The commission also completed a review of conservation plans required by the Florida Energy Efficiency and Conservation Act, known as FEECA.
The panel also approved a Progress Energy contract for buying biomass energy.
Argenziano, a former Republican state senator from Dunnellon who will chair the PSC for a two-year term beginning Jan. 2, downplayed her ascension and cast herself as equal to the other members of the PSC.
“I appreciate the challenge and realize that the chairmanship is purely an administrative charge,” she said in a statement. “All PSC Commissioners are equal and independent appointees. Now, let’s get to work on the important decisions that lie ahead.”
Argenziano’s nomination was led by Carter, who has headed the panel since 2006 but was passed over for re-appointment this year by Gov. Charlie Crist when scandal rocked the PSC this fall.
Also, weeks after deciding that staff recommendations on the conservation goals of utilities were not stringent enough, the PSC completed today its every-five-year review of those goals, which FEECA requires the panel to do.
Created by the Legislature in 1980 to guard against weather-related increases in electricity demand and reduce overall statewide consumption, FEECA applies to the four major publicly-regulated power companies - Florida Power & Light, Progress Energy, Gulf Power and Tampa Electric - as well as the Florida Public Utilities Co., Orlando Utilities Commission and JEA.
The original staff recommendation took issue with proposals from both the utility companies and several environmental groups to minimize the use of expensive resources like petroleum fuels and control the growth rates of electric consumption and weather-sensitive peak demand, saying that the utilities' suggestions had an "inconsistent inclusion of costs for unregulated greenhouse gas emissions" and used "inconsistent cost estimates."
But Tuesday, the PSC leaned more toward the robust goals favored by environmentalists, choosing an aggressive Enhanced Total Resource Cost test for measuring conservation over an Enhanced - Rate Impact Measure test, which focuses on the price of electricity by measuring savings from avoided use, but ignores related benefits to society at large. The panel also encouraged the utility companies to expand their conservation education and authorized up to $24.5 million dollars in incentives for customers who adopt solar water heaters and other energy efficient equipment.
Outgoing PSC chairman Carter hailed the decision for threading the needle between not costing customers too much money and not being tough enough on utilities.

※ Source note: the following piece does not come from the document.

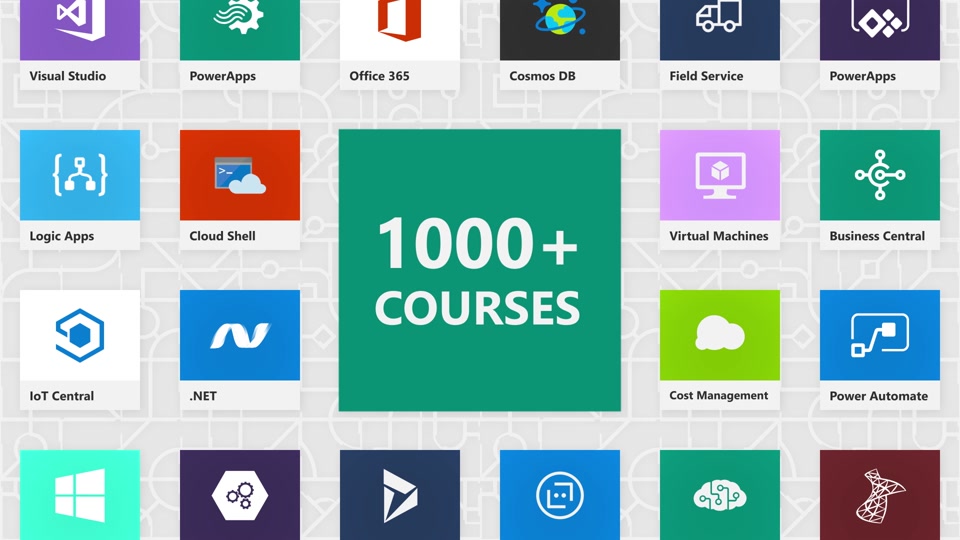 Cursos Gratuitos da Microsoft: Certificados e Ideais Para Melhorar a Empregabilidade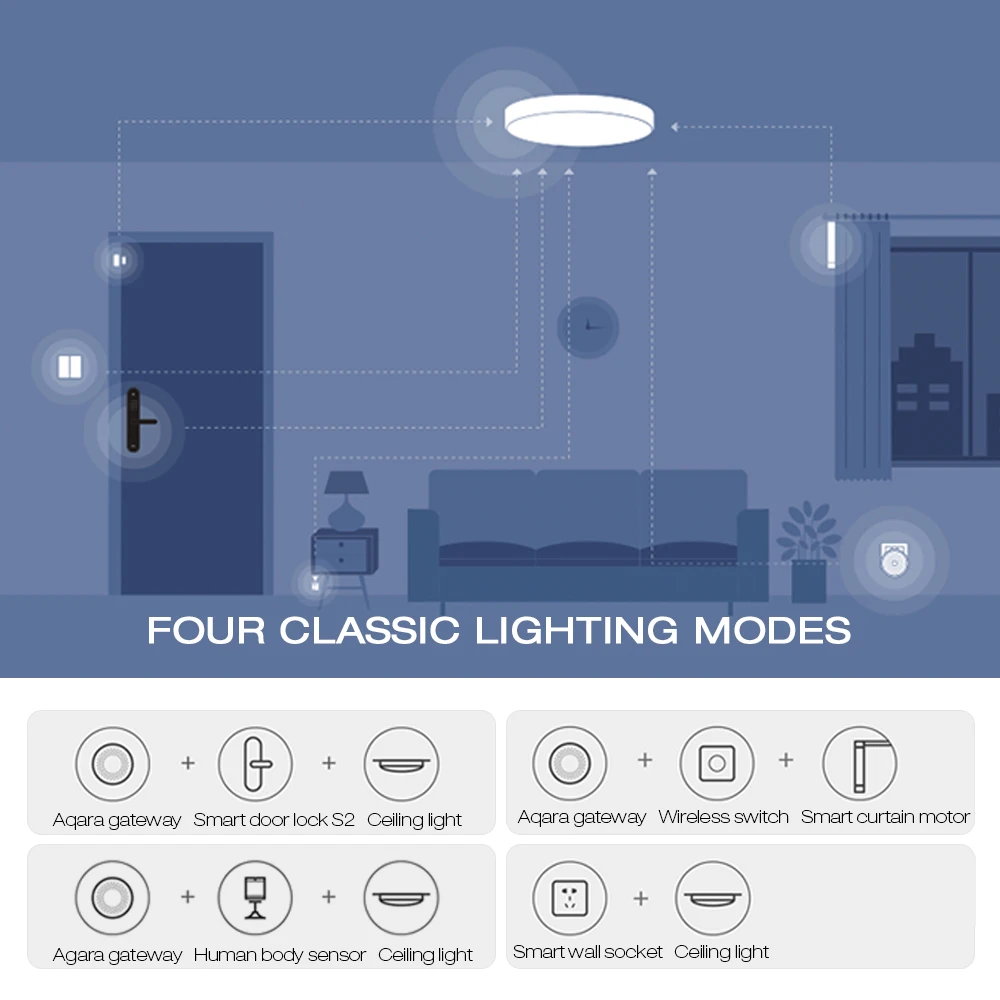 Умный потолочный светильник Aqara OPPLE с дистанционным управлением для HomeKit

“Energy efficiency is an effective conservation resource in Florida and should play a key role in meeting our growing electric energy needs,” Carter said in a statement after Tuesday’s meeting. “The goals we approved today are achievable, and customers who implement the programs will save on their energy bills by reducing utilities’ fuel costs and their need to build more power plants.”
Still, some environmentalists were disappointed that the PSC left other conservation options out of its adopted goals.
“The resulting goals leave a lot of customer savings on the table," Susan Glickman, a consultant with the Natural Resources Defense Council and Southern Alliance for Clean Energy, said in a statement. “Sadly, this keeps Florida in the back of the pack when compared to the leading states on energy efficiency.”